FOLHA – Por que o sr. negou o habeas corpus ao governador Arruda?
MARCO AURÉLIO MELLO – A base da decisão do STJ foi única. Ele [Arruda] tentou e os demais envolvidos que tiveram a prisão preventiva decretada também tentaram interferir na instrução criminal. Teria, portanto, praticado o crime de corrupção de testemunha e o crime de falsidade ideológica, que são crimes contra a administração da Justiça. Isso é base para a [prisão] preventiva, teor da legislação processual.
FOLHA – Foi uma decisão muito clara para o sr.?
MARCO AURÉLIO – Muito, muito clara. Se pegarmos meus precedentes na turma [do STF], o que não admito é que se parta para o campo da presunção do excepcional, que a pessoa tendo prestígio influenciará a instrução do processo ou obstaculizará a investigação. Tenho votado não admitindo isso. Agora, toda vez que há ato concreto do envolvido que repercute na instrução criminal, eu tenho me pronunciado no sentido da validade da prisão. Foi o que ocorreu nesse caso. A fita do flagrante é bem explícita e também os depoimentos colhidos quanto a essa tentativa.
FOLHA – Foi o caso mais grave dessa natureza com o qual o sr. já teve de lidar?
MARCO AURÉLIO – Olha, há muitos anos eu lido com processos no Supremo, são 20 anos agora em junho [no STF], 31 anos no Judiciário. Evidentemente, nada me surpreende mais. Agora, nesse caso o que verificamos foi o envolvimento direto, o que é lamentável, de um governador praticando um ato que estaria totalmente à margem da ordem jurídica. Sabemos que o exemplo vem de cima.
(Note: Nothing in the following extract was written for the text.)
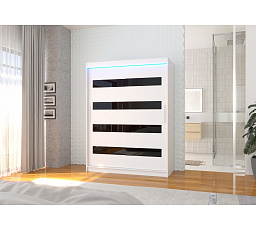 Posuvná skříň s lacobelem a LED osvětlením MARTINEZ 150 Bílá+Černý Lacobel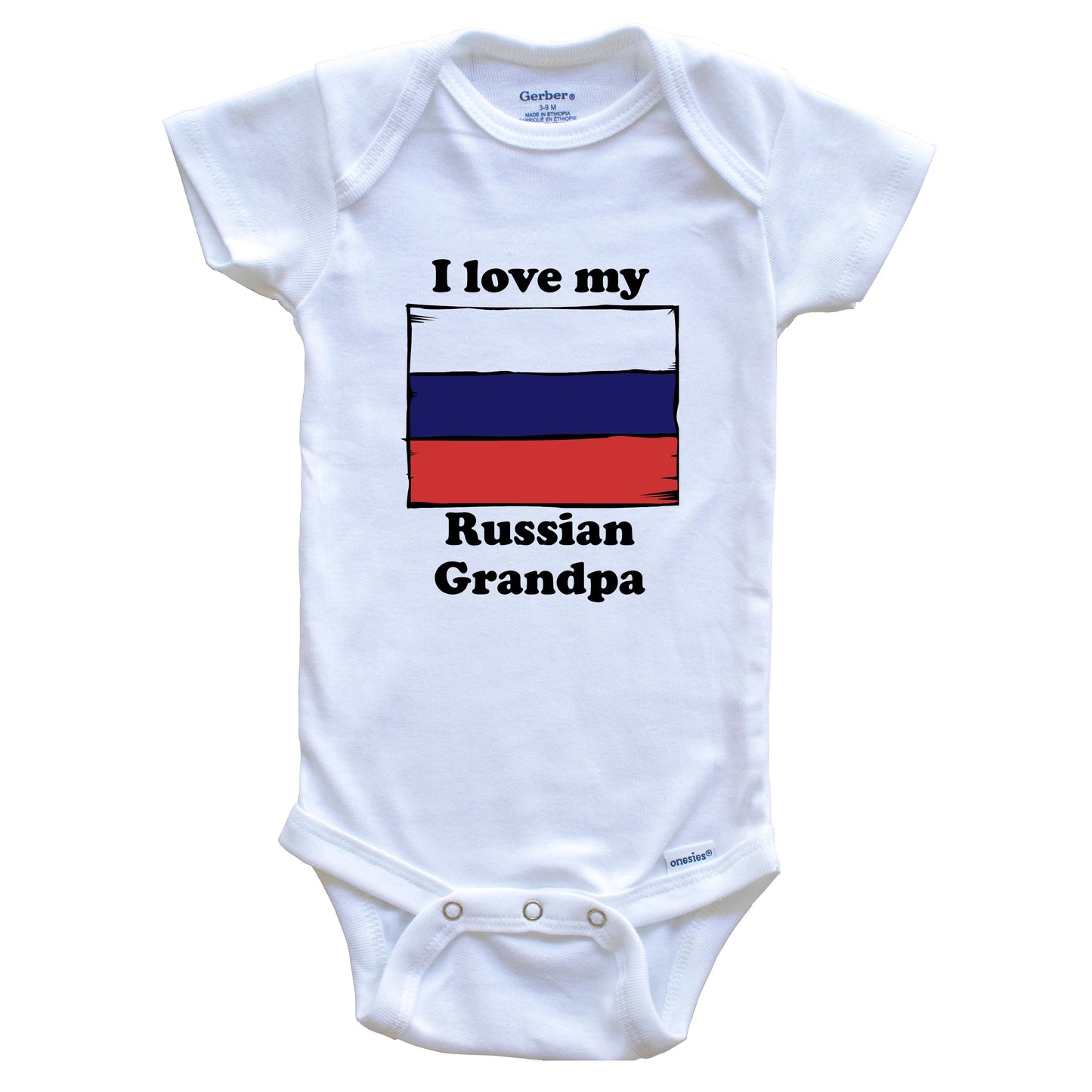 I Love My Russian Grandpa Russia Flag Grandchild Baby Onesie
Evidentemente essa não é uma postura que se aguarde de quem está na chefia do Executivo estadual.
FOLHA – Esse caso terá um efeito pedagógico para governantes?
MARCO AURÉLIO – A impunidade leva à irresponsabilidade, ao menosprezo pelo que está estabelecido, às regras tão caras à vida em sociedade. Toda vez que alguém é surpreendido num desvio de conduta, esse fato serve de exemplo e serve de alerta aos demais cidadãos, para que busquem a postura que se aguarda do homem médio, para que mantenham os freios inibitórios rígidos. Nós estamos, como disse na decisão, numa quadra alvissareira. De um lado, temos o abandono de princípios, a perda de parâmetros, a inversão de valores, o dito passa pelo não dito, o certo pelo errado e vice-versa. De outro, as mazelas não são mais passíveis de serem escamoteadas. Elas afloram e aí as instituições pátrias funcionam, a polícia, o Ministério Público e o Judiciário. Isso sinaliza dias melhores para o Brasil em termos de apego às regras.
FOLHA – A decisão final do habeas corpus será dada pela 1ª Turma ou pelo plenário do STF?
MARCO AURÉLIO – O relator, é claro, pode afetar qualquer processo de competência da turma ao plenário, que é o órgão maior. De início, quando falamos em Supremo, imaginamos um órgão único atuando. Mas o Supremo está dividido em turmas. Portanto, com a racionalização dos trabalhos, há maior produção em termos de julgamento. De início, eu levo à turma. Agora, qualquer um dos integrantes pode propor o deslocamento. Quando um colega propõe o deslocamento para o plenário, adiro imediatamente.